Fasten tut gut. Ja, es tut gut, wenn der Weihnachtsspeck langsam wieder weggeht und ich mich körperlich fit fühle. Aber Fasten bezieht sich nicht nur auf unsere Essgewohnheiten. Jeder Verzicht kann eine Form des Fastens sein.

Wir haben in der vergangenen Adventszeit wieder einmal auf das Fernsehen verzichtet. Dadurch haben wir jeden Tag etwa eine Stunde Zeit gewonnen. Wir hatten diese Zeit, um aufmerksam miteinander zu reden, um Weihnachtslieder zu hören, um zu lesen, um früher ins Bett zu gehen, um dadurch am nächsten Morgen ausgeschlafener zu sein. Dadurch wiederum wurde manchmal die Zeit mit Gott, die stille Zeit, intensiver und lebendiger als sonst.

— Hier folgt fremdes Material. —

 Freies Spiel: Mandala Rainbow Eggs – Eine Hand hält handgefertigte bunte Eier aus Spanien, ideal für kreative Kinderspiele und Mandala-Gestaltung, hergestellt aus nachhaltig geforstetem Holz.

Oft wird das Fasten / das Verzichten als religiöse Leistung angesehen. Aber Gott braucht unser Fasten nicht. Wenn wir fasten, dann tun wir das für uns selbst, vielleicht auch für unsere Mitmenschen, aber vor allem für unsere Gottesbeziehung.

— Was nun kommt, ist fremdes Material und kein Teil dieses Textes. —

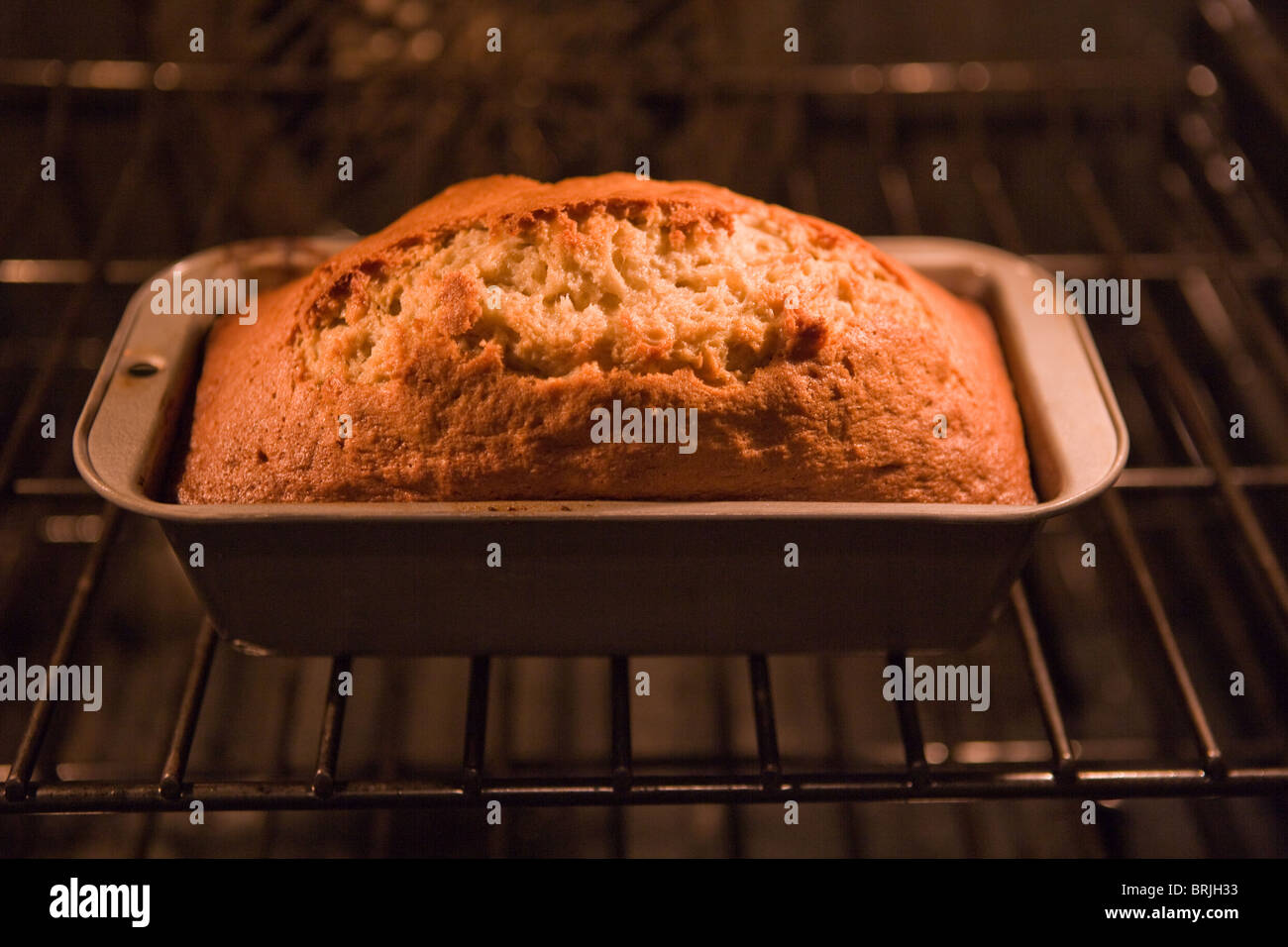 Home made banana bread baking in the oven, finished baking. Stock Photo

Für Jesus gehörte das Fasten zu den Selbstverständlichkeiten gelebten Glaubens. Er spricht davon in der Bergpredigt: »Fastet nicht wie die Scheinheiligen! Sie setzen eine wehleidige Miene auf, damit jeder merkt, was ihnen ihr Glaube wert ist. Das ist dann auch der einzige Lohn, den sie je bekommen werden. Wenn du fastest, dann pflege dein Äußeres so, dass keiner etwas von deinem Verzicht merkt außer deinem Vater im Himmel. Dein Vater, der jedes Geheimnis kennt, wird dich belohnen.« (Mt 6,16-18)

Fasten tut gut. Überlegen Sie doch, worauf Sie in der bevorstehenden Passionszeit verzichten möchten. Was steht Ihnen im Wege, um Zeit mit Gott zu verbringen? Ja, mancher Verzicht kostet Überwindungskraft – aber das lohnt sich.